If I was braver, I would travel more, get myself out to more of the world.
In addition to throwing myself completely into writing, I would also dedicate more time to promotion. I do what I can now, as my schedule permits, but I would love to be able to do so much more. I would love to share my ideas with more people, and I would love to be inspired by their ideas and thoughts. I love doing workshops and presentations and attending conferences, and if I had time, I would do more.
If I was braver, I would spend more time helping out my fellow writers.
I love editing. It’s part of my professional expertise. I love being able to help other writers make their stories better. I also love being able to read stories that the vast majority of the world hasn’t seen yet. It’s magical.
I read articles all the time about how great authors—Piers Anthony, Stephen King, and J.K. Rowling, to name a few—were willing and able to give up security to follow their dreams. I’ve read about their hardships and struggles and how they were on the verge of destitution before finally making it big, and I both envy them and question why they did it.
I’m too afraid to take that leap. I worry too much about what my kids won’t have if I give up my steady, paying job. It scares me to think we’d be living on the street and not in comfort, that we might not know where our next meal is coming from, and that stops me from taking that next step.
It frightens me to think that I will never reach the fame and notoriety that these other authors have achieved, and that it could be because I wasn’t willing to try. At the same time, I also think that the world is saturated with writers, and I am just one among many. How could I possibly hope to stand out? That thought stops me from trying.

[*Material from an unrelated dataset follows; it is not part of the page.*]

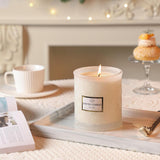 Frosted Cranberry Luxury Scented Candles - 19oz, 88hr Burn Time, Perfect Christmas Gifts for Women - Homesidy.com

I already make sacrifices to make achievements in my writing, and I know that it takes hard work and determination to achieve my dreams, but I always wonder what more I could accomplish if I gave up more.
I’ve been thinking a lot lately about what I would do with my life if I wasn’t so afraid, and the thoughts are both encouraging and distressing. I am nothing without my dreams, and those help keep me moving, but there comes a point when I have to be willing and able to do more. I have to continue to push my boundaries and try new things. I may not always be successful, but I can learn from the failure.
However, I have found that there are only so many boundaries I’m willing to push. I absolutely use my fear as an excuse, and I will continue to do so. I may never find my bravery, and that scares me too.